SaaS vs Self-hosted Behavior Differences

See 06.saas-vs-selfhosted.md for a comprehensive catalog of every code path difference.


Workspace Isolation Audit (Code Review)

A full code review was conducted to verify workspace isolation across the entire backend. All previously flagged API gaps were investigated and found to be properly isolated.

Fixes Applied

#FixFiles Changed
1ACL now validates instance-scoped resources (e.g. instances/{id}, instances/{id}/roles/{role}) by looking up the instance with workspace filterbackend/api/v1/acl.go
2Added missing Workspace param to GetDatabase/ListDatabases callsbackend/api/lsp/handler.go, backend/api/lsp/completion.go, backend/component/export/resources.go (4 calls), backend/component/sampleinstance/manager.go
3LSP handler refactored: user and workspaceID injected into context at WebSocket connection time, removed from handler struct.

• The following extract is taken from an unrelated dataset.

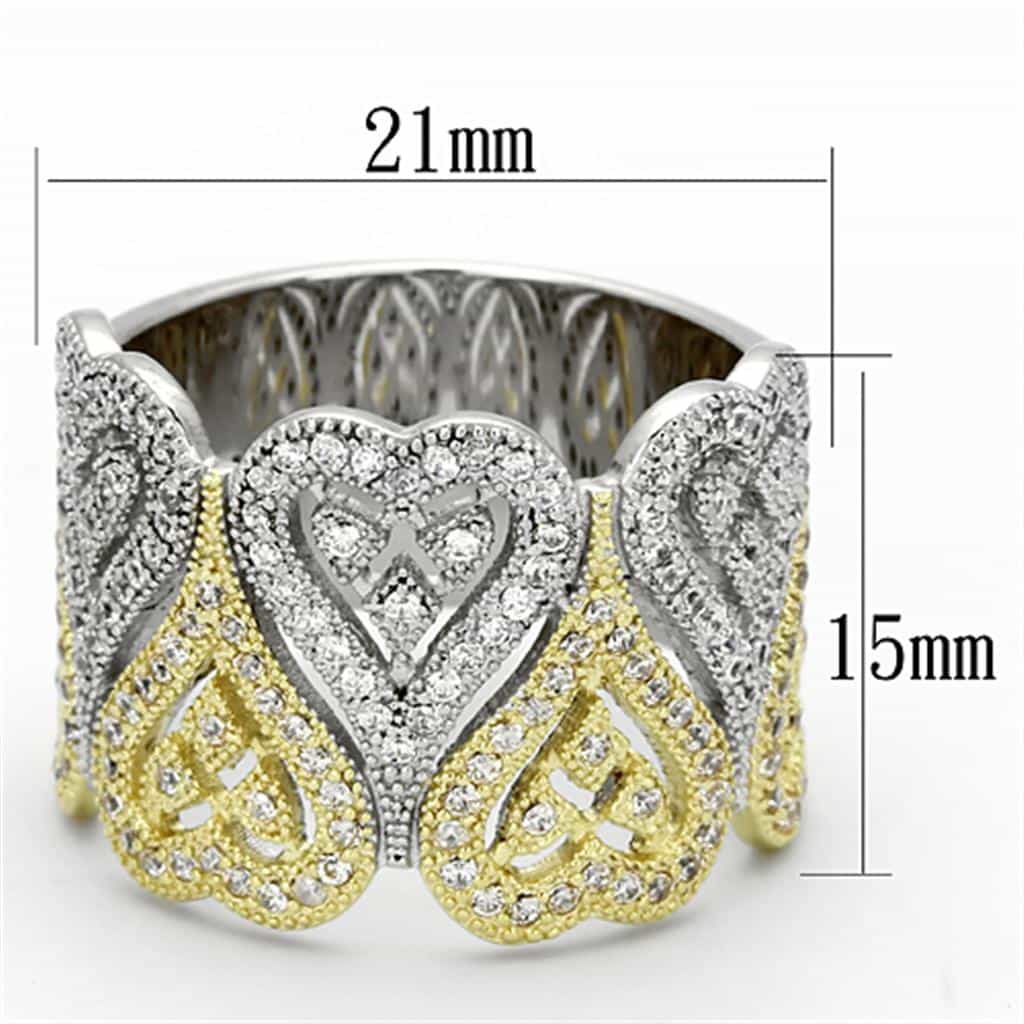 Sterling Silver Gold Two Tone CZ Heart Cutout Wide Ring view 2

Now uses common.GetWorkspaceIDFromContext(ctx) consistentlybackend/api/lsp/lsp.go, backend/api/lsp/handler.go, backend/api/lsp/completion.go
4Added cross-workspace documentation comments to ACL populateRawResources (resource resolution strategy, per-case comments)backend/api/v1/acl.go
5db_schema.go GetDBSchema now JOINs to instance table and filters by instance.workspace when workspace param is providedbackend/store/db_schema.go

API Layer Verification

All previously flagged services were verified to properly enforce workspace isolation:

  • instance_role_service.go — uses getInstanceMessage helper which filters by workspace. ACL layer now also validates instance ownership.
  • changelog_service.goListChangelogs and GetChangelog look up the database with Workspace: common.GetWorkspaceIDFromContext(ctx). ACL's database case also validates.
  • database_group_service.go — all methods call store.GetProject with workspace filter before accessing database groups.
  • database_service.goGetDatabase, BatchGetDatabases, UpdateDatabase all use workspace-filtered lookups.
  • revision_service.go — validates database with workspace filter before querying revisions.
  • issue_service.gogetIssueFind() sets workspace from context; getIssueMessage() passes workspace.
  • plan_service.go — all GetPlan/ListPlans calls pass workspace.
  • rollout_service.go — all task/plan lookups pass workspace.
  • access_grant_service.goGetAccessGrant with workspace filter before any update.
  • release_service.go — project lookup with workspace filter before accessing releases.
  • worksheet_service.go — project lookup with workspace filter before accessing worksheets.

Store Layer Verification

Every public store method was audited:

  • Root tables (project, instance, policy, setting, role, group, etc.): All enforce workspace via direct WHERE workspace = ?.
  • Child tables (changelog, revision, worksheet, db_schema, etc.): Scoped via globally unique parent PKs. API layer validates workspace on the parent before calling these methods.
  • Global tables (principal, sheet_blob): Intentionally cross-workspace by design. Principals are global identities. Sheet blobs are content-addressed (SHA256 dedup).
  • All API-layer callers of optional-workspace store methods properly pass common.GetWorkspaceIDFromContext(ctx). Verified for GetDatabase, ListDatabases, GetIssue, ListIssues, GetPlan, ListPlans, ListTasks, ListTaskRuns.

Remaining

High Priority

  • Workspace switching — Issue new JWT with different workspace_id (login auto-selects the first workspace; users switch after login)
  • Invite users
  • ListWorkspacesByEmail must expand groups
  • User count limit in the SaaS mode

Medium Priority

  • Schema sync perf — when database count grows, consider querying per instance or adding InstanceIDs batch filter to FindDatabaseMessage

Low Priority

  • Workspace admin panel — Manage workspace settings, members

Impact on Existing Self-hosted Customers

Breaking Changes

  1. Signup API movedCreateUser (POST /v1/users) now requires bb.users.create permission. Self-service signup moved to Signup (POST /v1/auth/signup). API consumers using CreateUser for registration will break.
  2. CreateUser no longer adds to workspace IAM — Admin creates principal only. Must separately add to IAM for the user to login.

Non-breaking Changes

  1. Default project — New workspaces get default-{workspaceID}. Existing default project preserved. Code handles both formats.
  2. Workspace table + migration — Instant ADD COLUMN with default. No table rewrite.
  3. Login flow — Self-hosted with allUsers in IAM works identically to before.
  4. Cache fixes — Fixes potential stale cache bugs.
  5. Server startup — Resilient to missing workspace on first boot.

Design Decisions

  1. server_config only stores auth_secret — All other settings live in per-workspace WORKSPACE_PROFILE.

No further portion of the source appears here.